The Associated Press news service announced that they plan to use computer generated stories. These articles will be generated using technology from a company called Automated Insights and will be used only for stories about corporate earnings reports. Their software uses complicated algorithms which take data and reorganizes it into prose. The company is going to get data from a financial news service called Zacks, and what they’re going to do is use it to turn out about 4.400 earnings reports stories. They currently do about 300 with their human staff.
Associated Press says that this is not about replacing human reporters with robots, this is more about radically increasing the number of stories these reporters can produce. They’re also saying they are not going to have job cuts or lessen the amount of business stories. In fact, this is going to free them up and allow them to do more enterprise stuff, more investigation, and do the kind of stories they couldn’t do when they were churning out all these earnings reports. This doesn’t actually sound like such a bad idea, provided the data is sound to begin with. It gives more information to more people because there’s more stories. These are the kind of stories that take journalists away from the more important ones. So many Associated Press journalists will most certainly be happy that robots will do it for them. Earnings reports stories don’t usually need an editorial feel anyway so there shouldn’t be much of a difference.
However, this company that they’re relying on, Automated Insights has a kind of radical vision for the future of journalism. They’re basically saying that right now there’s one story that’s going to a large number of people, but in the future they want large numbers of stories going to each individual person. In other words, each person will have their own version of every story.
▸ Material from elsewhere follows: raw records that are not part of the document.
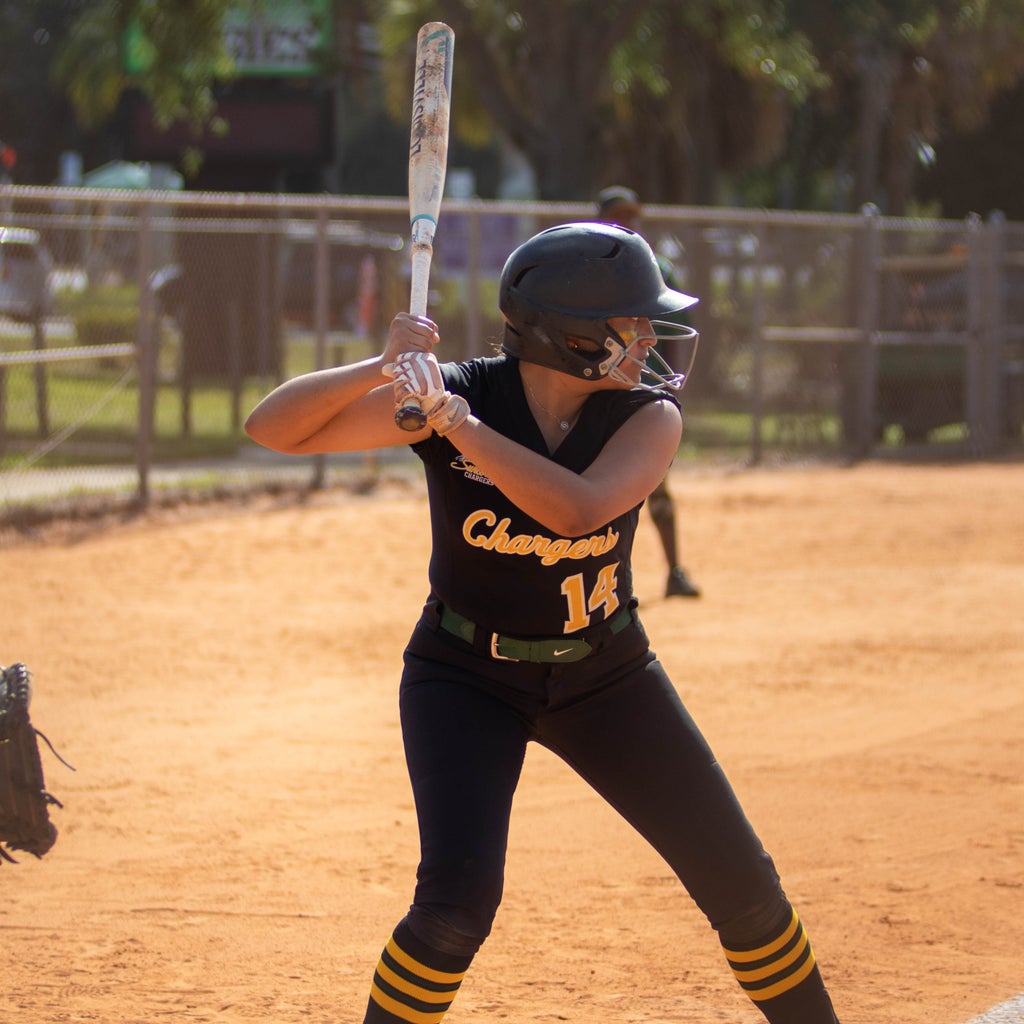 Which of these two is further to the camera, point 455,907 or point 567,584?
point 567,584

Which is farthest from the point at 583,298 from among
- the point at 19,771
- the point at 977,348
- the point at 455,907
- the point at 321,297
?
the point at 977,348

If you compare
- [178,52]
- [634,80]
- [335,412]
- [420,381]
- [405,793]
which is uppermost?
[634,80]

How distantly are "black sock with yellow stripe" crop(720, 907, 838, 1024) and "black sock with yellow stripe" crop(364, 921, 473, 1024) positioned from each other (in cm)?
65

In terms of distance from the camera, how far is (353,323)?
15008 mm

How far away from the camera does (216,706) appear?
729 cm

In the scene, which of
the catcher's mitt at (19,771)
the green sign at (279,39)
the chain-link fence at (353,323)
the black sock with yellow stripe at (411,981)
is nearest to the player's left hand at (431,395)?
the black sock with yellow stripe at (411,981)

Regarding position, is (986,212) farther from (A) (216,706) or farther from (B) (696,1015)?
(B) (696,1015)

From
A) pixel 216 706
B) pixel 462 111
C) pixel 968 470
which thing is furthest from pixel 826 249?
pixel 216 706

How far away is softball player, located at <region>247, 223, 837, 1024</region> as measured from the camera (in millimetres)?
3199

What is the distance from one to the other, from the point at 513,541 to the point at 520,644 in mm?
215

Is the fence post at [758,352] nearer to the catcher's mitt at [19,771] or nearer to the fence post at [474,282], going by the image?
the fence post at [474,282]

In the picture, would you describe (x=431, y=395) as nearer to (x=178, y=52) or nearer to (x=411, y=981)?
(x=411, y=981)

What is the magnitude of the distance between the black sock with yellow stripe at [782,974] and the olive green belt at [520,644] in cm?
67

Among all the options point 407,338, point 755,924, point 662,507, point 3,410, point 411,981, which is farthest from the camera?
point 3,410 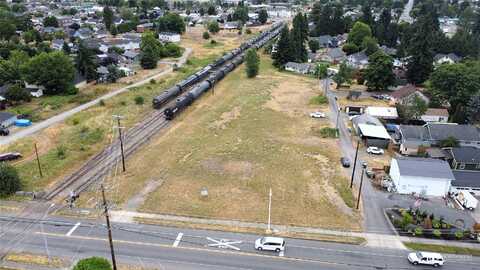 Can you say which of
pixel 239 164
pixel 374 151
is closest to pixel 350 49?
pixel 374 151

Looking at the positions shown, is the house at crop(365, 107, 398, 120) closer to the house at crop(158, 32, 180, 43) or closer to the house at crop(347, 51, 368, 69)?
the house at crop(347, 51, 368, 69)

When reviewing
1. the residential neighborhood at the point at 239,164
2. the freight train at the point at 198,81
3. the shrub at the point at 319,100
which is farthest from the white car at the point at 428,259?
the shrub at the point at 319,100

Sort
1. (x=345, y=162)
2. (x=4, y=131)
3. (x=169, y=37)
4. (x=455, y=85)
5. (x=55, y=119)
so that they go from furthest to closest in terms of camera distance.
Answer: (x=169, y=37) → (x=455, y=85) → (x=55, y=119) → (x=4, y=131) → (x=345, y=162)

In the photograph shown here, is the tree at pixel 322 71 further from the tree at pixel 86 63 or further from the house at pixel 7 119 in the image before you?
the house at pixel 7 119

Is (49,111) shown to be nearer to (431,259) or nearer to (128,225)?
(128,225)

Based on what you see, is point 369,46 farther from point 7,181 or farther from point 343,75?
point 7,181

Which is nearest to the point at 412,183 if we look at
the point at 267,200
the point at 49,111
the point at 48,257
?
the point at 267,200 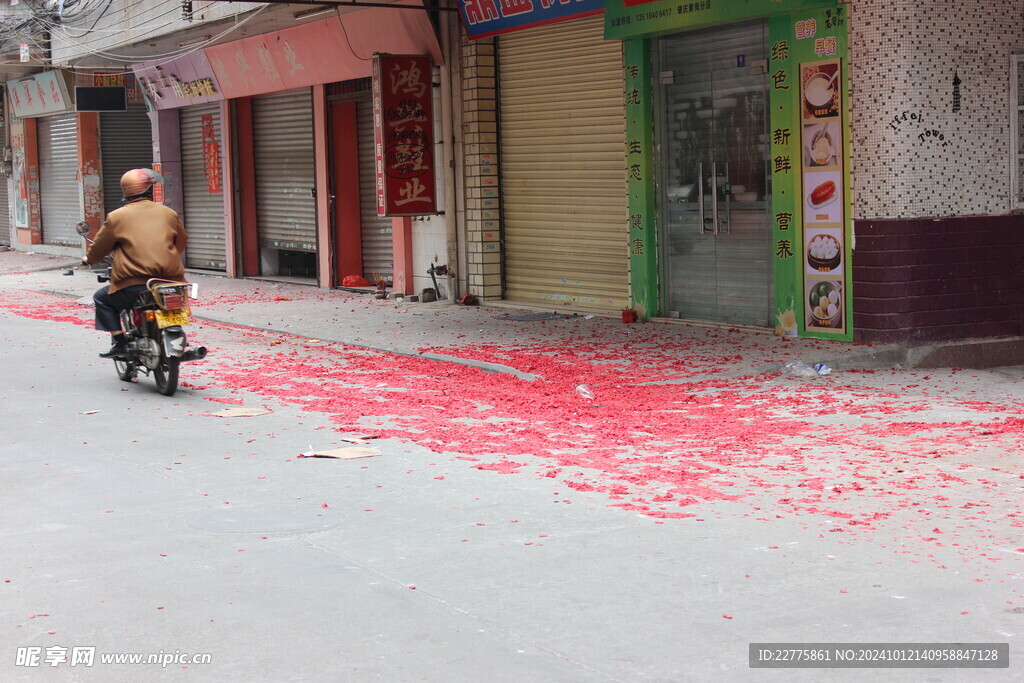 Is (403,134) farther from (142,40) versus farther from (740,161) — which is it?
(142,40)

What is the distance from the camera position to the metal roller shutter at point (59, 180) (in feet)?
100

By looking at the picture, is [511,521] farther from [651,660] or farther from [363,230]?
[363,230]

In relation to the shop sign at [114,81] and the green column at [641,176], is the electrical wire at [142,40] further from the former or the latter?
the green column at [641,176]

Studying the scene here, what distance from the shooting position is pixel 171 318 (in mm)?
10320

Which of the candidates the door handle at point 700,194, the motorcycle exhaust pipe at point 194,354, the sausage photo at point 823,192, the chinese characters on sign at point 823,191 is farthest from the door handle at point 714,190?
the motorcycle exhaust pipe at point 194,354

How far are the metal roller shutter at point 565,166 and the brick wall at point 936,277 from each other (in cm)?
389

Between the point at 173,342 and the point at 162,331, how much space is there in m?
0.16

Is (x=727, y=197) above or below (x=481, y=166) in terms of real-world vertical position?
below

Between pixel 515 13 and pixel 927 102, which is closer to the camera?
pixel 927 102

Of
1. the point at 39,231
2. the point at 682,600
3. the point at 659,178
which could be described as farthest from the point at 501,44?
the point at 39,231

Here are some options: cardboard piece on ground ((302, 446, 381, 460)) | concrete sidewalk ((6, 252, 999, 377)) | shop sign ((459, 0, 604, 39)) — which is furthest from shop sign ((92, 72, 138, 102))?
cardboard piece on ground ((302, 446, 381, 460))

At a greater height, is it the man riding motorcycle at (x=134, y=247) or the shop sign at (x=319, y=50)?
the shop sign at (x=319, y=50)

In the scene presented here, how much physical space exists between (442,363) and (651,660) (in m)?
7.92

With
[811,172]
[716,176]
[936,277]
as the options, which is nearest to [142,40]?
[716,176] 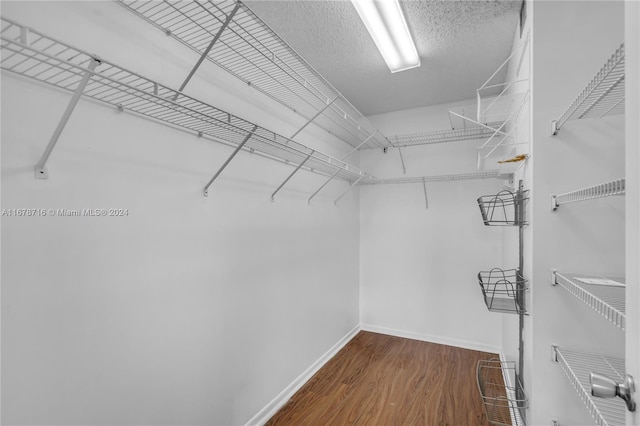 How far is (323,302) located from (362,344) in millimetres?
815

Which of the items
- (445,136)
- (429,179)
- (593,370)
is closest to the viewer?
(593,370)

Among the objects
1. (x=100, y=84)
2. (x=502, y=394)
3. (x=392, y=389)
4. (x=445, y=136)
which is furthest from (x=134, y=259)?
(x=445, y=136)

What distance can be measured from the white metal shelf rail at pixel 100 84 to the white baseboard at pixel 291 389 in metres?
1.50

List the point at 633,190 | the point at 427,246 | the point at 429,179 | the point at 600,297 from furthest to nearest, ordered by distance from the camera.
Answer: the point at 427,246, the point at 429,179, the point at 600,297, the point at 633,190

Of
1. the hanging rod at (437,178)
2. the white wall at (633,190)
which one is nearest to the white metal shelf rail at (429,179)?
the hanging rod at (437,178)

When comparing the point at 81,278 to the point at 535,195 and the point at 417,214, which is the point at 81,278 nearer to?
the point at 535,195

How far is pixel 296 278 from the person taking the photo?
2.21 metres

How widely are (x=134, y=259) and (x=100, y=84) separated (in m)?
0.65

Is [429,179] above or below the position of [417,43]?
below

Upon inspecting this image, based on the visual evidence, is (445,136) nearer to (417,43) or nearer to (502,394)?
(417,43)

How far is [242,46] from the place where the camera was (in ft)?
5.14

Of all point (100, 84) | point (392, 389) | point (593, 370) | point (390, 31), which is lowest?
point (392, 389)

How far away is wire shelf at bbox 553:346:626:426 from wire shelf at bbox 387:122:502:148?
1842 mm

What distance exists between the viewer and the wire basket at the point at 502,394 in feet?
5.30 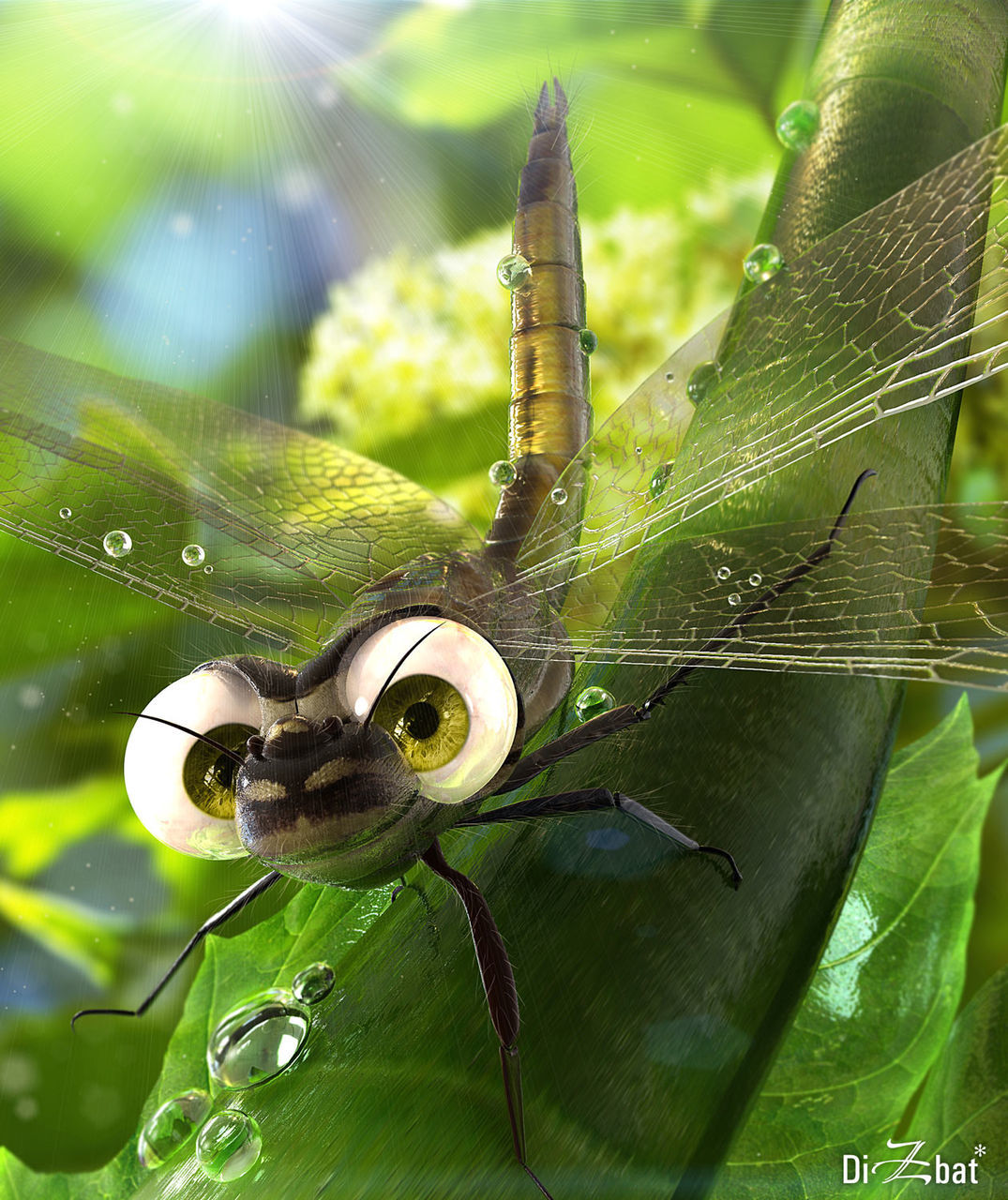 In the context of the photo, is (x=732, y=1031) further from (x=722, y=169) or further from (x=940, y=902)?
(x=722, y=169)

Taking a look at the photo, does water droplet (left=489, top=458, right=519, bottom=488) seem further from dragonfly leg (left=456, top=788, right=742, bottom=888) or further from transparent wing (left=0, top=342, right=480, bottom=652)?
dragonfly leg (left=456, top=788, right=742, bottom=888)

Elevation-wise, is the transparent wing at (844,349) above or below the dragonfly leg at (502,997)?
above

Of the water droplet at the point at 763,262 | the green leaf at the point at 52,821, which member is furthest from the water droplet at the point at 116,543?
the water droplet at the point at 763,262

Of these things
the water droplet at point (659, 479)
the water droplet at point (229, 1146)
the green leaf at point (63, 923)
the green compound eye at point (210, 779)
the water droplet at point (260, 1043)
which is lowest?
the green leaf at point (63, 923)

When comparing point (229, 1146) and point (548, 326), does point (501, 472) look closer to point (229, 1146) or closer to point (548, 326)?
point (548, 326)

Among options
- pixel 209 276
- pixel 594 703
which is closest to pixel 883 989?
pixel 594 703

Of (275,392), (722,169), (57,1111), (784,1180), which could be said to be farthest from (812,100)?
(57,1111)

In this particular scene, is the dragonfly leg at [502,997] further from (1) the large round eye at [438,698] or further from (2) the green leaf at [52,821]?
(2) the green leaf at [52,821] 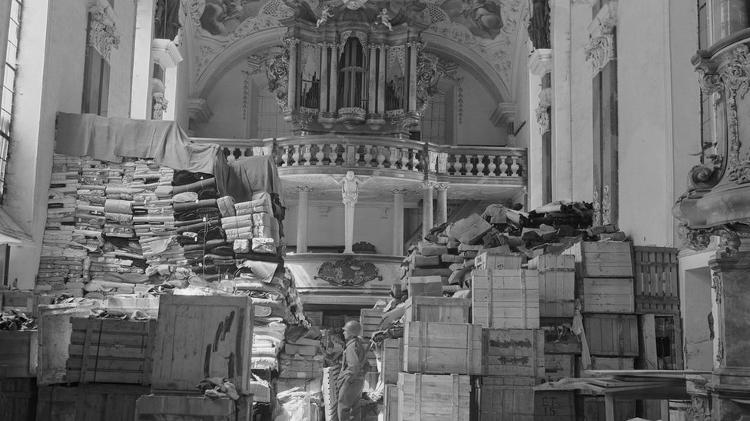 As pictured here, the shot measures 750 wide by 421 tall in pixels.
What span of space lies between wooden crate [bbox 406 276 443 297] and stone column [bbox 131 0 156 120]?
8.57 metres

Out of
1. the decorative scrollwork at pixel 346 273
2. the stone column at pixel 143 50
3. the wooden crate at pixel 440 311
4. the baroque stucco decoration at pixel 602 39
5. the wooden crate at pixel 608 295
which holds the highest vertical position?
the stone column at pixel 143 50

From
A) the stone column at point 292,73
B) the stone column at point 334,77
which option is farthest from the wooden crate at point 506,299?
the stone column at point 292,73

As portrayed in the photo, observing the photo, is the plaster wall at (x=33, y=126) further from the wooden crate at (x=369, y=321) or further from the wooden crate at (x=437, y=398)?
the wooden crate at (x=437, y=398)

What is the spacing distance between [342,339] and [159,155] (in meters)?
7.93

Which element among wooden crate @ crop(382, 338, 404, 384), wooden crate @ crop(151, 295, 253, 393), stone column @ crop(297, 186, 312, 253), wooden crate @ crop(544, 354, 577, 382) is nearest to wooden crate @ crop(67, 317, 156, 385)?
wooden crate @ crop(151, 295, 253, 393)

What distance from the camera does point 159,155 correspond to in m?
16.1

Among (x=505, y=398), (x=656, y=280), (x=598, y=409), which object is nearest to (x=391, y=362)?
(x=505, y=398)

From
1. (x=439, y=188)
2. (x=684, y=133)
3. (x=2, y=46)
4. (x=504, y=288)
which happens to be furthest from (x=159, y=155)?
(x=439, y=188)

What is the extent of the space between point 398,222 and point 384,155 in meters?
1.88

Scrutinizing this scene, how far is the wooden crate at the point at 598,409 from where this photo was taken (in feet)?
38.2

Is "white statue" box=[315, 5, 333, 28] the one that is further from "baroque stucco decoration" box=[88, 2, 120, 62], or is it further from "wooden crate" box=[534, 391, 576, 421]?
"wooden crate" box=[534, 391, 576, 421]

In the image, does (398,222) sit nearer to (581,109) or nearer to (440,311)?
(581,109)

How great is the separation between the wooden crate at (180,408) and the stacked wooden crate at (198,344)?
20cm

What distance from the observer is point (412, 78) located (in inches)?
993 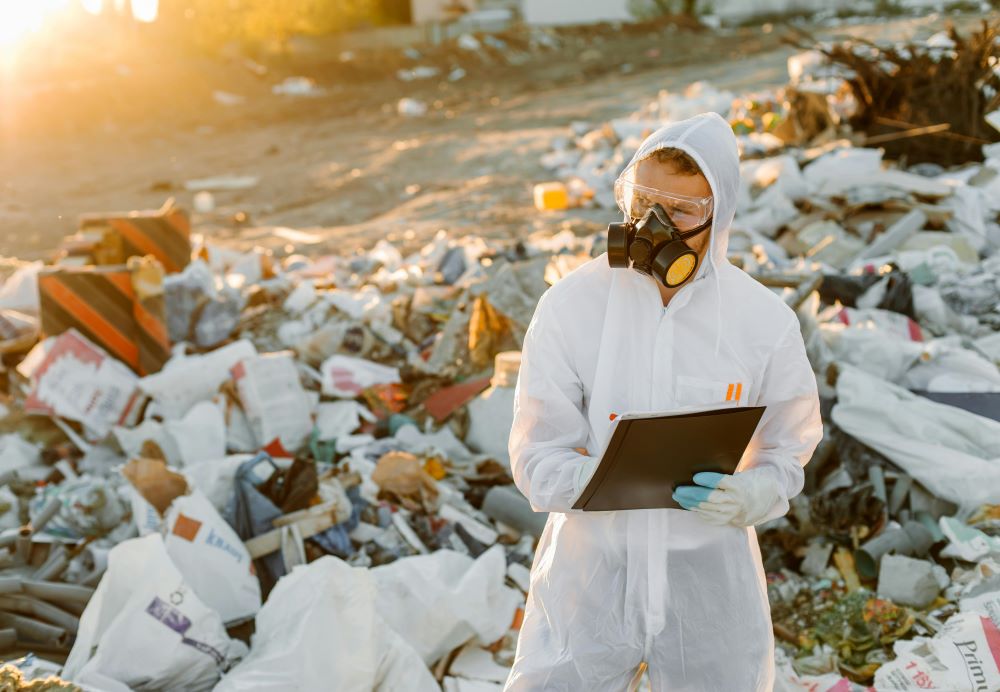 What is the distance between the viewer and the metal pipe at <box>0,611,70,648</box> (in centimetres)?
302

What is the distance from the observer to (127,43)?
24188 millimetres

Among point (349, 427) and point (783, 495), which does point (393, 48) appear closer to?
point (349, 427)

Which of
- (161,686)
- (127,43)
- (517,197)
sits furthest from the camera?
(127,43)

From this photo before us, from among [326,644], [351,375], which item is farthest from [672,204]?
[351,375]

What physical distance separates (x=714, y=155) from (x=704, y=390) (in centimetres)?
45

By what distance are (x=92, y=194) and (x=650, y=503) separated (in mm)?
12540

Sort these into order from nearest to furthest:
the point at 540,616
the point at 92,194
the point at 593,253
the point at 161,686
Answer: the point at 540,616, the point at 161,686, the point at 593,253, the point at 92,194

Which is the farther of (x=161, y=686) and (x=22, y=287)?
(x=22, y=287)

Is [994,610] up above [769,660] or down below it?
below

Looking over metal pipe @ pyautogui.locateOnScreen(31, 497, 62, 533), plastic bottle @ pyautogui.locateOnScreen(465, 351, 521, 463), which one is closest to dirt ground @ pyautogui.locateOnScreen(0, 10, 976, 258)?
plastic bottle @ pyautogui.locateOnScreen(465, 351, 521, 463)

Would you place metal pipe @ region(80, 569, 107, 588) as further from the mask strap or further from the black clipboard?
the mask strap

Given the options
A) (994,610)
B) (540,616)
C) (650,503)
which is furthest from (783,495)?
(994,610)

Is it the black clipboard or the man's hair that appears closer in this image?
the black clipboard

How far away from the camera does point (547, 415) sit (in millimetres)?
1929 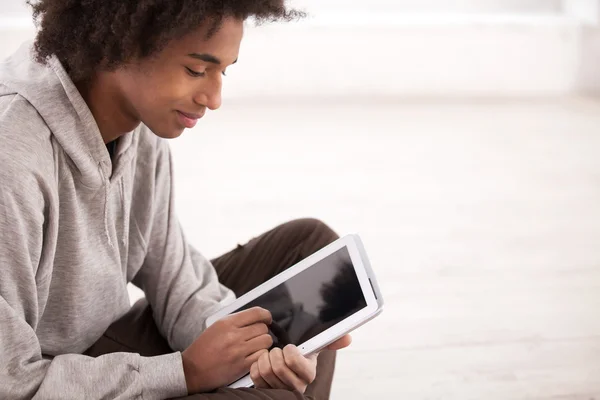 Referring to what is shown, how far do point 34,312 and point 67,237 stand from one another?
111mm

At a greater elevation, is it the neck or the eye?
the eye

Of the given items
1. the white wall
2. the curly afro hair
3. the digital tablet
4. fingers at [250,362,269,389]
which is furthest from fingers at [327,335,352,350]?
the white wall

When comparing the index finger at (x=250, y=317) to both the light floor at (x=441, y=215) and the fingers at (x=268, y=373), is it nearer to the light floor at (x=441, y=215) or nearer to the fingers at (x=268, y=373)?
the fingers at (x=268, y=373)

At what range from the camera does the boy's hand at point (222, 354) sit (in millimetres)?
1199

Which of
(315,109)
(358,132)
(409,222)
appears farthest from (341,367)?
(315,109)

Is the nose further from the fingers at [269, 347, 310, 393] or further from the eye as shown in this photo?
the fingers at [269, 347, 310, 393]

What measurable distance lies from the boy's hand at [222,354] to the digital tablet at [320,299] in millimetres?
83

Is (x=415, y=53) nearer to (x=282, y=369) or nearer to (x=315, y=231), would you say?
(x=315, y=231)

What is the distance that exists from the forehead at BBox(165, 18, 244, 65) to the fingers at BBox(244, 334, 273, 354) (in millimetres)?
389

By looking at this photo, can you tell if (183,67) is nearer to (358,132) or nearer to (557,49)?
(358,132)

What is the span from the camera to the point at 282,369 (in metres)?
1.20

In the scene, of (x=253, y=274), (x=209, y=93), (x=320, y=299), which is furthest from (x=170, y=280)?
(x=209, y=93)

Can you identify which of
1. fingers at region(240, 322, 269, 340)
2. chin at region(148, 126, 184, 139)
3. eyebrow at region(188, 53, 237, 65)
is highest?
eyebrow at region(188, 53, 237, 65)

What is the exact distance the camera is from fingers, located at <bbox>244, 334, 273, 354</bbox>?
122cm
Maybe we’re exagerating a bit but still, it sounds like they’re on a mission to remake journalism and make it more automated and robotic. But as long as the articles are marked clearly there shouldn’t be any problems for the readers. There is already plenty of data that’s automated and the number will probably grow in the future. When you look at something like baseball scores for example, those are fairly easy to construct from data.
I imagine the Associated Press will be increasing the uses of this type of automation software for the creation of prose. We’ll probably see it creeping into other types of journalism, and we’ll likely see some mishaps along the way and some confused readers at some point. But if this enables a lot more information to be delivered to the public in an easily digestible way I think that’s a good thing at the end of the day.